YOUR TASK
Leave out the images and set down the records below exactly.

RECORDED INFORMATION

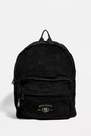 Urban Outfitters - BLK BDG Black Corduroy Crest Backpack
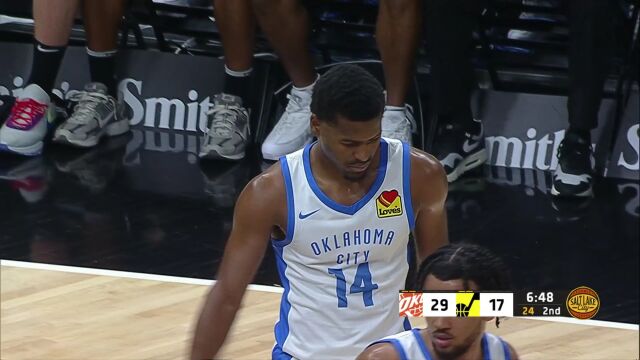 NBA夏季联赛：雷霆vs爵士第2节英文原声回放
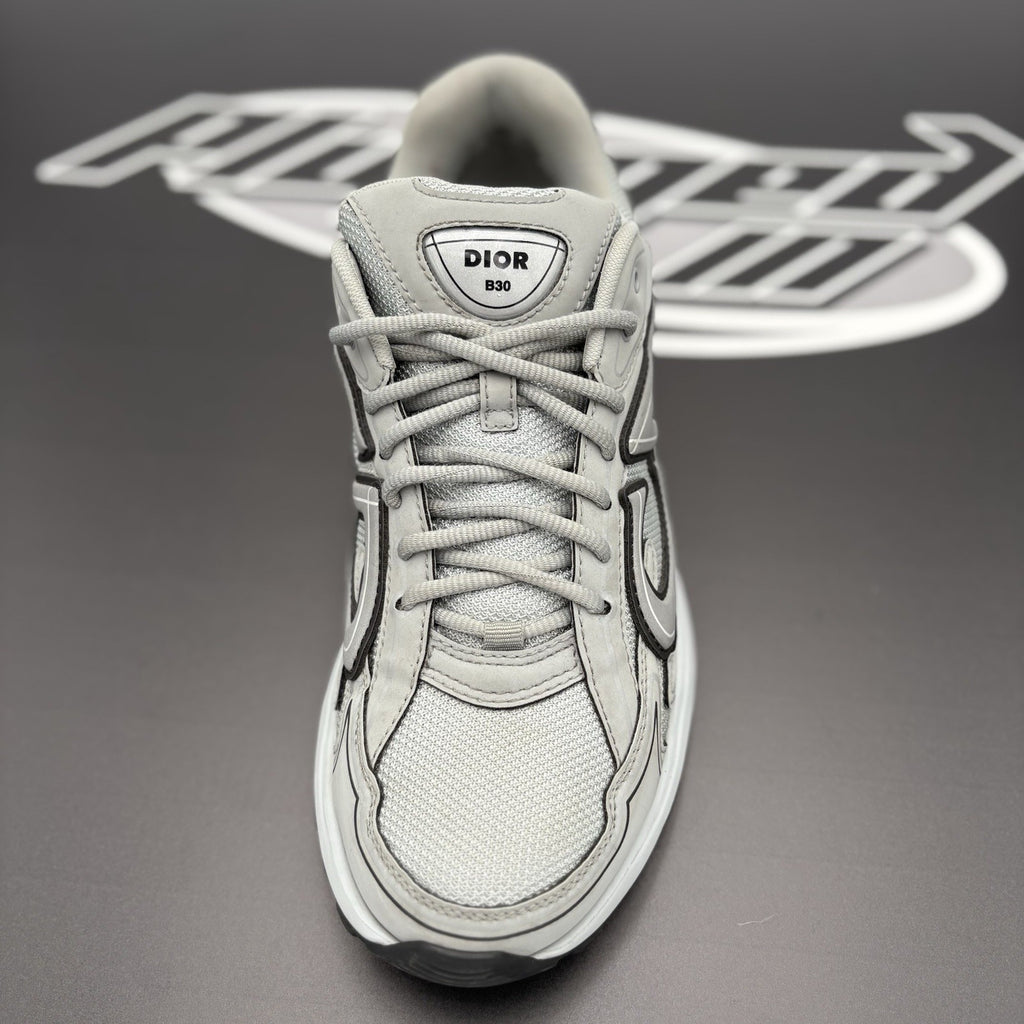 Size 43 (10 US) - Dior B30 Reflective Sneaker ' Gray ' | GREAT CONDITION!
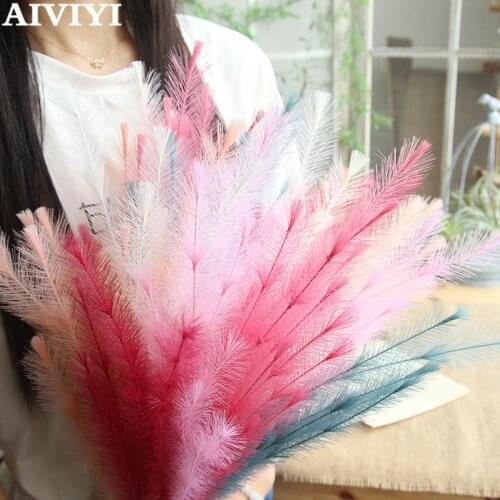Artificial dried flowers artificial plush grass bouquet silk flower DIY home decoration fake flower wedding decoration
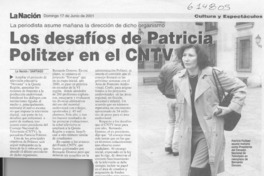 Los desafíos de Patricia Politzer en el CNTV  [artículo]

ANSWER SPACE
 Urban Outfitters - BLK BDG Black Corduroy Crest Backpack
 NBA夏季联赛：雷霆vs爵士第2节英文原声回放
 Size 43 (10 US) - Dior B30 Reflective Sneaker ' Gray ' | GREAT CONDITION!
Artificial dried flowers artificial plush grass bouquet silk flower DIY home decoration fake flower wedding decoration
 Los desafíos de Patricia Politzer en el CNTV  [artículo]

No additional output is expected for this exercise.